E como é atual este ensinamento! O nosso mundo é um mundo classista, onde “quem pode mais, chora menos”, até nas Igrejas - como gostamos de títulos, honras, prestígio! Em vão buscaremos nos Evangelhos títulos de honra como “Eminência, Santidade, Reverendo, “Reverendíssimo”! Sem que notássemos, o mundo entrou nas nossas comunidades com as suas falsas categorias!!
O centro da questão está em versículo 11: “de fato, quem se eleva será humilhado, e quem se humilha, será elevado”. Não é uma recomendação sádica para que procuremos ser humilhados, como muitas vezes se pregava na formação da Vida Religiosa e na espiritualidade, antigamente. Pelo contrário, é uma orientação para que não ponhamos o nosso valor nos títulos e honrarias vãs que a sociedade tanto aprecia, mas no serviço humilde aos irmãos, unindo-nos à luta pelos oprimidos, que são humilhados pela sociedade de consumismo e opulência.

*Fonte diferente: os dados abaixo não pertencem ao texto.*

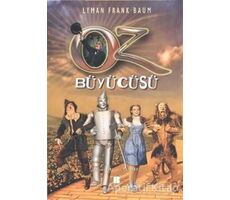 Oz Büyücüsü - Lyman Frank Baum - Bilge Kültür Sanat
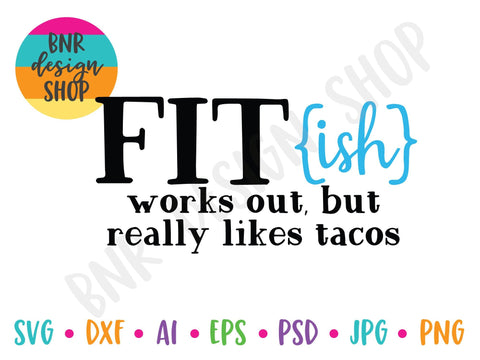 Fit-Ish SVG SVG BNRDesignShop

Ato contínuo, Jesus nos orienta sobre a gratuidade. Recomendando ao fariseu que ele não convide os que possam retribuir com outros convites, ele nos põe diante do exemplo do próprio Deus, que é gratuidade absoluta. Novamente os marginalizados servem como exemplo para o exercício de gratuidade. Temos muitas indicações na literatura daquele tempo que tanto a sociedade judaica como a greco-romana rejeitava este pessoal sofrido. Um documento dos Essênios de Qumrã elenca as categorias que serão proibidas de entrar no banquete escatológico: “os que têm problema na pele, com as mãos ou os pés esmagados, os aleijados, os cegos, os surdos, os mudos; os que têm defeito na vista ou que sofrem de senilidade”. A lista lucana adiciona a categoria “os pobres”. Sabemos que na literatura judaica “os pobres” era muitas vezes a designação usada para Israel e especialmente para os eleitos dentro de Israel. Então Lucas está usando de ironia - mostrando que os verdadeiros eleitos não são os que a sociedade assim considera, mas os realmente pobres, marginalizados e sofredores!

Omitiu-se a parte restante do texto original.